◆ What the task requires
Starting at the line with "Imagem de Kit", return every line through the final one of the data, word for word. Pictures stay out.
Content starts
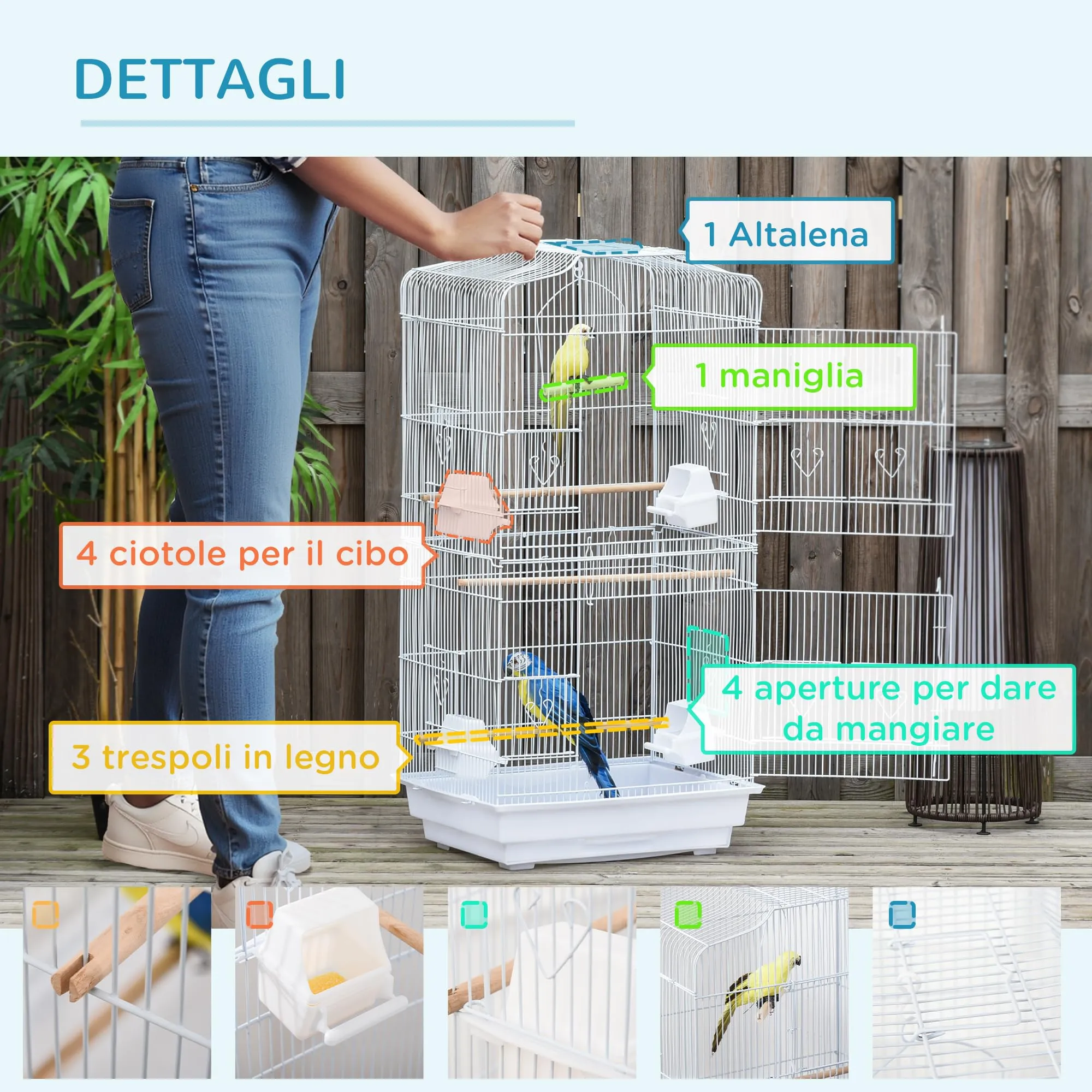 PawHut Gabbia per Uccelli Portatile per Pappagallini 46.5x35.5x92cm Bianco - immagine 5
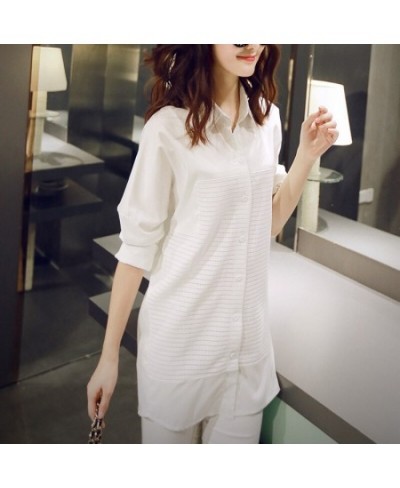 women long blouse shirt white polyester casual long sleeve turn down collar summer autumn plus size female tops $36.59 - Blou...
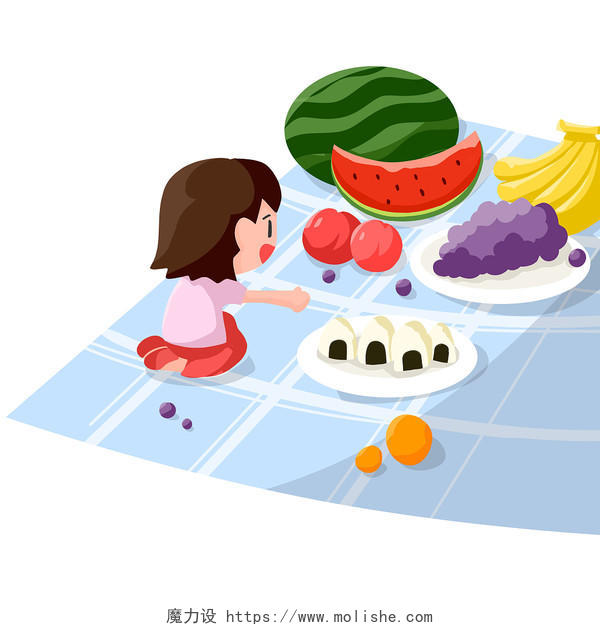 彩色手绘卡通女孩野餐吃水果元素PNG素材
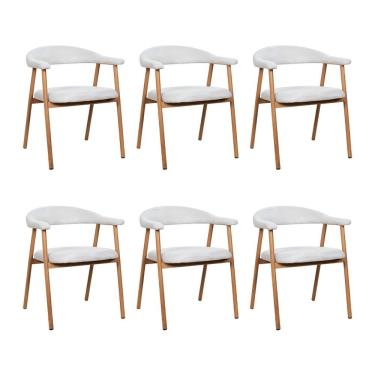 Imagem de Kit 6 Cadeiras De Jantar Luana Estrutura Aço Carbono Laminado Natural Com Estofado Linho Cru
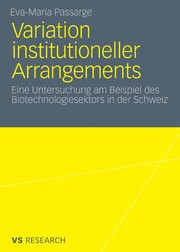 Front cover of Variation institutioneller Arrangements by Eva-Maria Passarge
Content ends
◆ Exercise result
 Imagem de Kit 6 Cadeiras De Jantar Luana Estrutura Aço Carbono Laminado Natural Com Estofado Linho Cru
 Front cover of Variation institutioneller Arrangements by Eva-Maria Passarge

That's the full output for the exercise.